Unless, of course, they’re just heading into the backcountry to burn up some gas and have a blast. That’s okay too, obviously.

Now how could a Chicken Little enviroweenie run around crying about global warming and climate change and falling sky in the light of such evidence? Surely the earnest young dudes with all the environmental sensitivity they’ve grown up with wouldn’t be mindlessly blasting around, bringing on global warming — which, after all, would kinda screw the pooch, skiing and snowboardingwise, wouldn’t it? — just for the hell of it. Would they?

And if you don’t put too much stock in earnest young dudes and their spewing machines, you have to look no further than the actions of our Captains of Industry and draw the only rational conclusion a rational person could draw. Climate change is a pernicious myth designed to undermine the very reason we’ve been put on Earth — to get rich! Now!

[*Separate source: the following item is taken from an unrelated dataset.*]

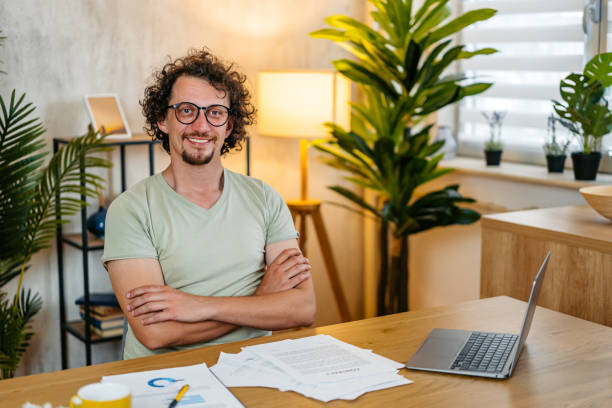 istock Mid-Adult Man Working On A Laptop While Sitting On The Kitchen Table At Home 2161450825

Smart, rational people with advanced degrees and the most important pedigree known to man — the ability to amass a fortune — wouldn’t be trading the future for the present, would they? Of course not. The evidence is overwhelming. Whenever they speak about the future it’s in glowing terms, tender terms, terms that have only the best interests of their “children and children’s children” at heart. They wouldn’t strip the Earth of its, our, future wealth just so it could be burned up, used up, contribute to atmospheric degradation and the asthmatic, choking, Soylent Green future of their children and children’s children just so they could make more dough today, buy a new SUV, build an addition, maybe one of those oh so trendy outdoor fireplace/big-screen theatres onto their 10,000 square foot house in the country. They wouldn’t be so shortsighted. It doesn’t make any sense.

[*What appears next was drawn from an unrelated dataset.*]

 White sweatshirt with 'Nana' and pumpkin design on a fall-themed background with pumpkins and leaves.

I mean, if the Age of Peak Oil was really near that would mean only one thing: that oil will only become more valuable in the future. If oil is going to become more valuable in the future, a rational person might decide to leave most of it where it is right now, extract it slowly, just enough to keep your industry going, not growing. That way an oil exec could release it to a starving petromarket sometime in the future when he could really make a killing instead of ramping up production now when it’s relatively cheap and barely even worth starting a war over. Surely the entire Canadian oil industry isn’t populated with shortsighted, take-the-profit-and-damn-the-future kind of smart businessmen, is it? Just doesn’t make any sense. Must be a lie.

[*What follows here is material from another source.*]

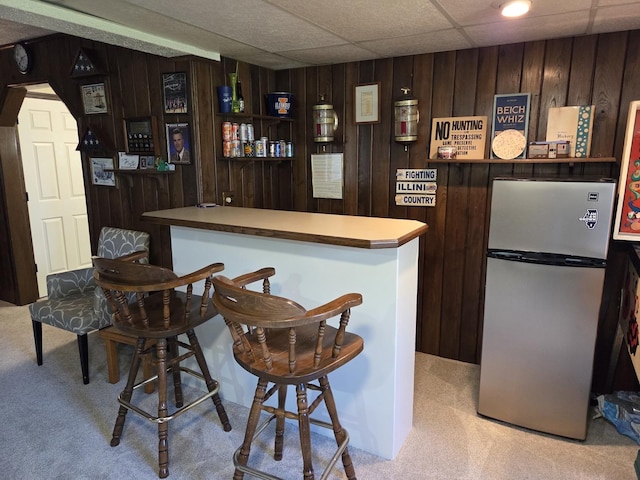bar with wood walls, a bar, light colored carpet, and freestanding refrigerator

Okay, I can understand how you might look at industry’s track record the past couple of decades — centuries — and be a teensy bit skeptical about their ability to think long-term. Sometimes it seems they missed the whole delayed gratification lesson in life. But no one in their right mind could look at the actions of our democratically-elected government and come to the conclusion global warming and climate change is anything but a scam. After all, we get the government we deserve, don’t we?

If climate change was a real threat, wouldn’t our Conservative government demand more of us than simply changing our light bulbs? Of course they would. And wouldn’t they be anxious to actually reduce our, allegedly, greenhouse gas producing emissions rather than just reducing their intensity? You bet. Wouldn’t they introduce a carbon tax to help fund research into alternative energy sources and reduce demand? Not on your life, you dreamer.

And closer to home, since all politics are local, wouldn’t our elected leaders — Leader: n . One who acts as a guiding force. — be, well, leading us toward reducing our consumption of fossil fuels, reducing our solid waste, living a greener life? Oh, I know. We’ve got a Sustainability Plan. We’re planning to be sustainable. But we’re so busy planning to be sustainable we’re actually not doing a very good job of being sustainable. Our major indicators are trending in the wrong direction. Maybe if we were actually engaging in some leadership instead of touting our highly-regarded plan we’d be reining in things like open shop doors all winter long, propane patio heaters — let’s just heat up the whole damn mountains for the sake of selling a few more beers, eh? — high-ambience, propane fireplaces and all those cool young dudes lined up to buy gas for their backcountry jaunts… for example.

Screw it; I’ve got lightbulbs to change.